Doppio fronte sindacale: criticità interne all’azienda e richiesta di chiusura del ciclo dei rifiuti con nuovi impianti e bonifica di Autigno

Il Sindacato Cobas apre ufficialmente la vertenza rifiuti Brindisi, annunciando lo stato di agitazione dei lavoratori e delle lavoratrici della Teknoservice, l’azienda che gestisce la raccolta dei rifiuti urbani in città. Una mobilitazione che si sviluppa su due livelli: uno interno, legato alle condizioni aziendali e organizzative, e uno esterno, finalizzato alla chiusura del ciclo dei rifiuti e alla conseguente riduzione della Tari per i cittadini.

Il sindacato invita la città a sostenere una vertenza denominata “Chiusura del ciclo dei rifiuti”, che coinvolge azienda, lavoratori, cittadini, Comune, Regione Puglia e organizzazioni sindacali. L’obiettivo dichiarato è affrontare in maniera strutturale le criticità del sistema rifiuti locale, intervenendo sia sulla qualità del servizio sia sui costi a carico delle famiglie.

Sul fronte interno, Cobas evidenzia diverse problematiche.
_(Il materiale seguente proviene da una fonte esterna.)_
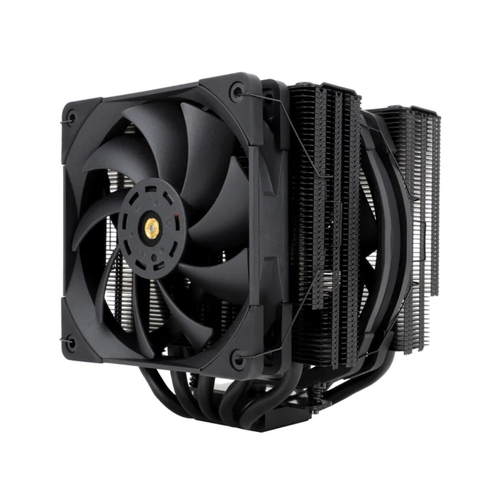 Кулер Thermalright Frost Commander 140 для процессора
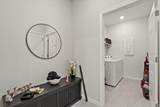 26000 Seastone Drive - Photo 10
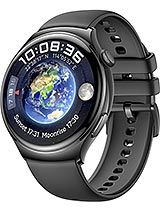 MobilityPass Prepaid eSIM for Huawei Watch 4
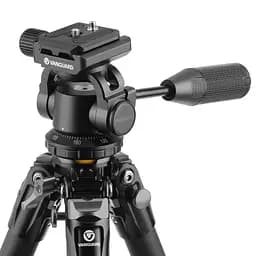 Штатив Vanguard VEO 5 264AO-28 (VEO 5 264AO-28) - мініатюра 2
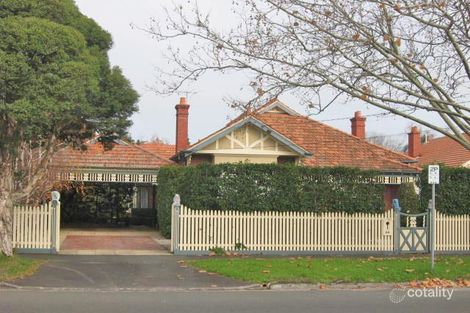 66 Coppin St, Malvern East, VIC 3145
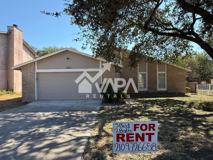 5618 Wood Walk St - Photo 1 of 1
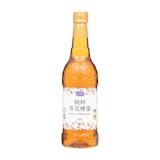 【徹底比較】百花蜂蜜のおすすめ人気ランキング【2026年6月】 4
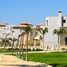 5 Schlafzimmer Haus zu verkaufen im Palm Hills Golf Views, Cairo Alexandria Desert Road, 6 October City, Giza
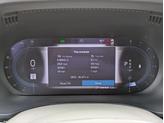Thumbnail of 2023 CRYSTAL WHITE Volvo XC60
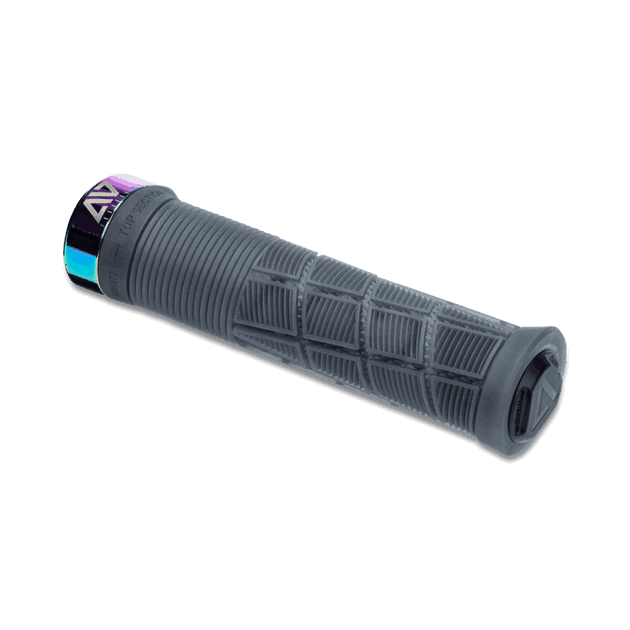 93476_Rel 93476_F1_00.png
Tra queste, differenze salariali rispetto alla precedente gestione nonostante un accordo che prevedeva il mantenimento dei livelli retributivi, la necessità di accelerare l’apertura del nuovo capannone acquisito da Teknoservice per superare le criticità legate agli spazi dell’attuale sede operativa, ritenuti insufficienti e potenzialmente rischiosi per la sicurezza, oltre alla richiesta di maggiori controlli sui mezzi utilizzati.
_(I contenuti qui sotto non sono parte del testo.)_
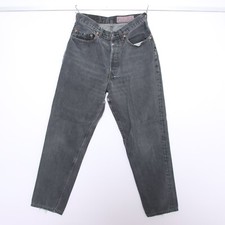Levi's 901 W31 L32 Usagé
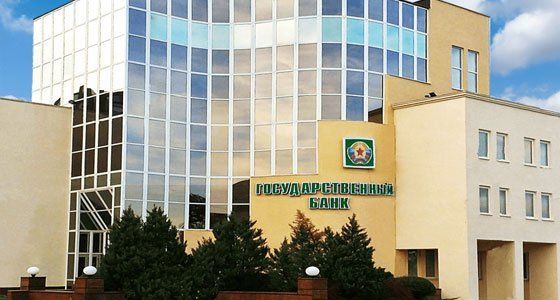 ������� � ������ ��������� � ������ �������� � ����������� ����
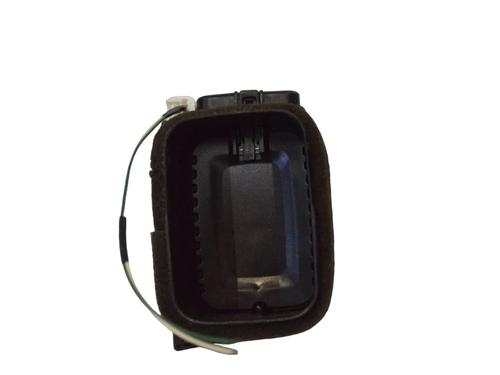 Air vent LEXUS GS (_S19_) 450h (GRS191_, GWS191_) | BP30283840I21 - Image 4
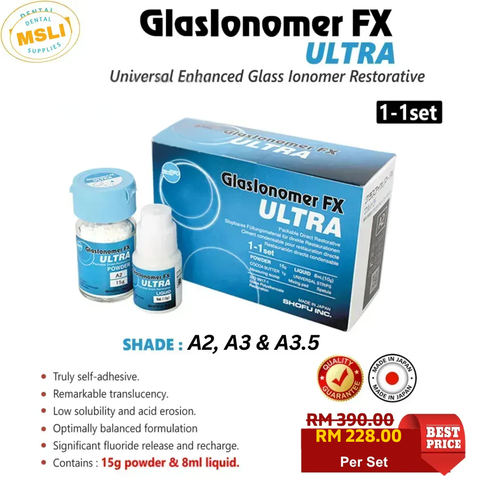 Product Template - 2026-03-10T120009.903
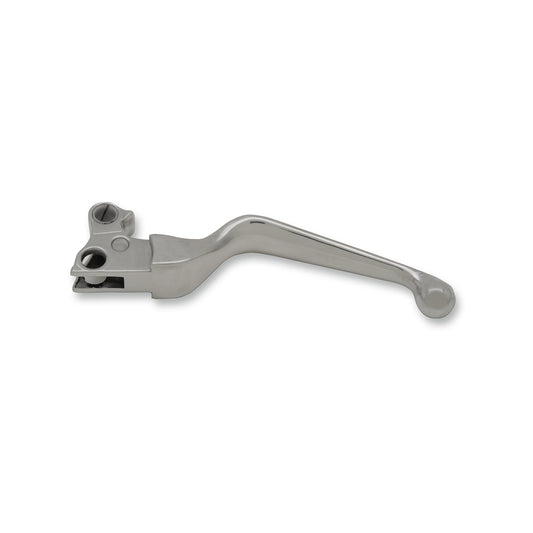 DRAG SPECIALTIES - OEM-STYLE LEVER - CLUTCH - POLISHED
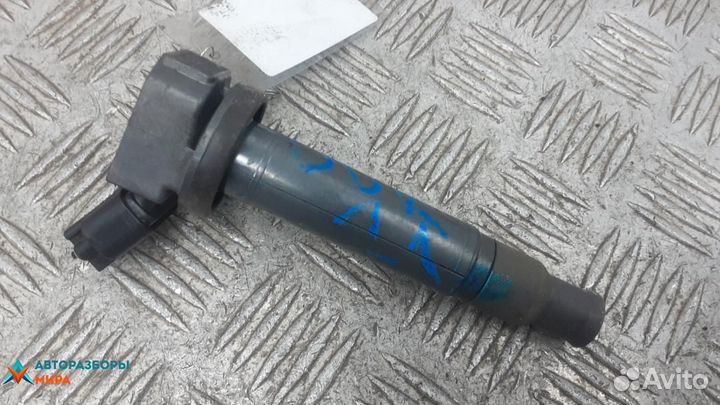 Катушка зажигания Lexus GS 2 2001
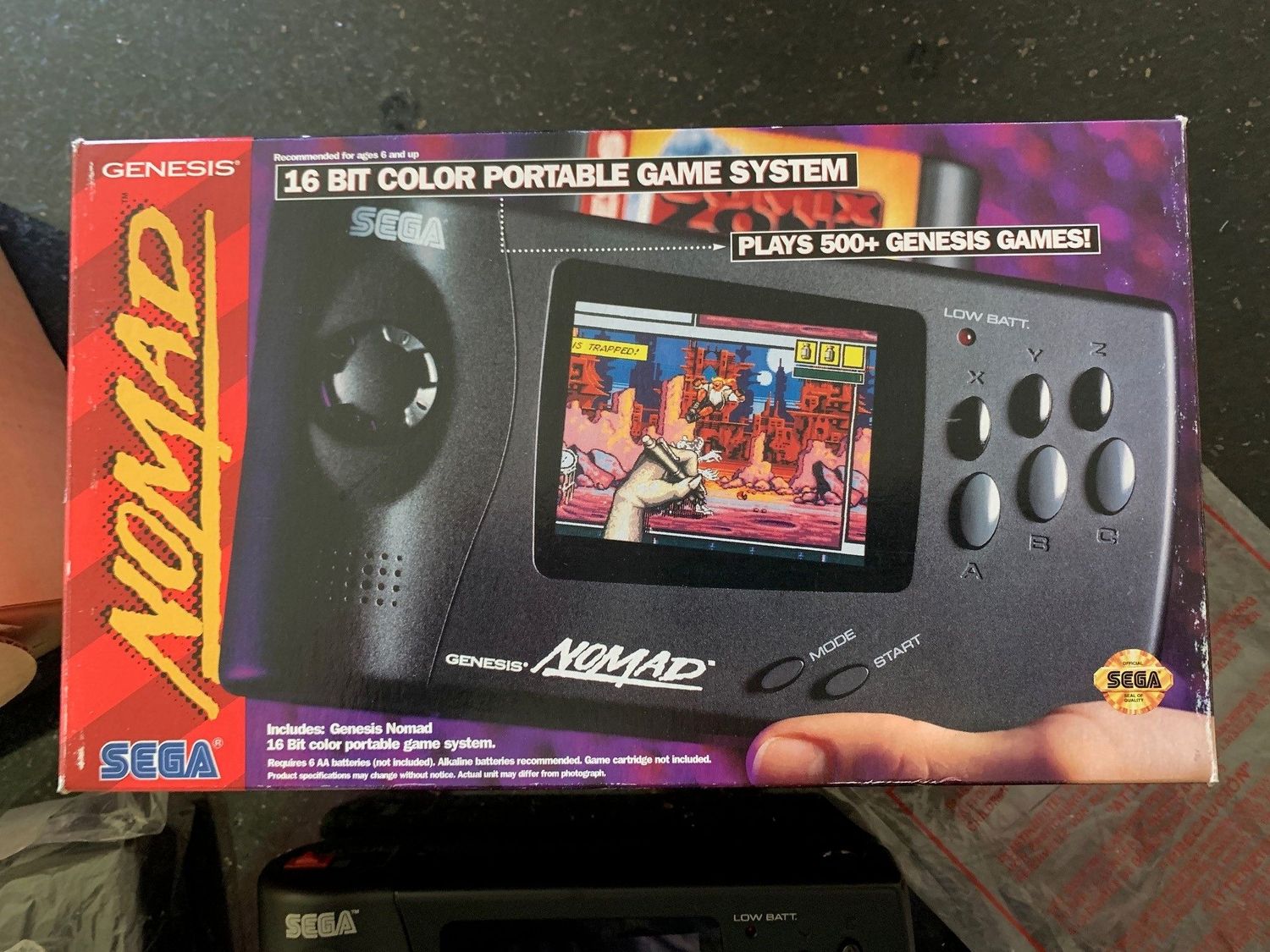 4610923611.jpg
Viene inoltre sollecitato un miglioramento dell’organizzazione del lavoro, con una più chiara distribuzione delle attività per garantire un servizio più efficiente alla cittadinanza. Tra i punti centrali anche il rafforzamento della campagna di informazione sulla raccolta differenziata, la cui percentuale, secondo il sindacato, resta troppo bassa per una città che ambisce a standard elevati di sostenibilità.
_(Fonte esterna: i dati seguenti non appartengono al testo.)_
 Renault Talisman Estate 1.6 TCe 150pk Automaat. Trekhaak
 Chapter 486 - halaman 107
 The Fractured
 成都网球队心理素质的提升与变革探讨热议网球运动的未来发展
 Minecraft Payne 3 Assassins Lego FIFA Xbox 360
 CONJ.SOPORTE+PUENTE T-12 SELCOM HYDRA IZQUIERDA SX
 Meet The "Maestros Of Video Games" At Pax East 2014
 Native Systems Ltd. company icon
Parallelamente, la vertenza rifiuti Brindisi si estende alle questioni strutturali del ciclo. Cobas chiede controlli più serrati da parte dell’Amministrazione comunale sul rispetto del capitolato d’appalto, la bonifica della discarica di Autigno e la realizzazione degli impianti per il trattamento dell’umido e il recupero dei materiali, ritenuti indispensabili e mai completati dalla Regione. Viene inoltre sollecitata la ricollocazione dei lavoratori rimasti senza impiego a seguito dei sequestri giudiziari degli impianti CDR e Autigno nella gestione Nubile.

«Lo scopo della nostra vertenza è muoverci tutti nella stessa direzione per far pagare meno ai cittadini, migliorare il servizio, ottenere gli impianti mancanti e procedere con le bonifiche necessarie», afferma Roberto Aprile per il Cobas.

La vertenza rifiuti Brindisi si configura dunque come un confronto complessivo sul sistema di gestione dei rifiuti, che intreccia tutela dei lavoratori, qualità del servizio e sostenibilità economica per la comunità.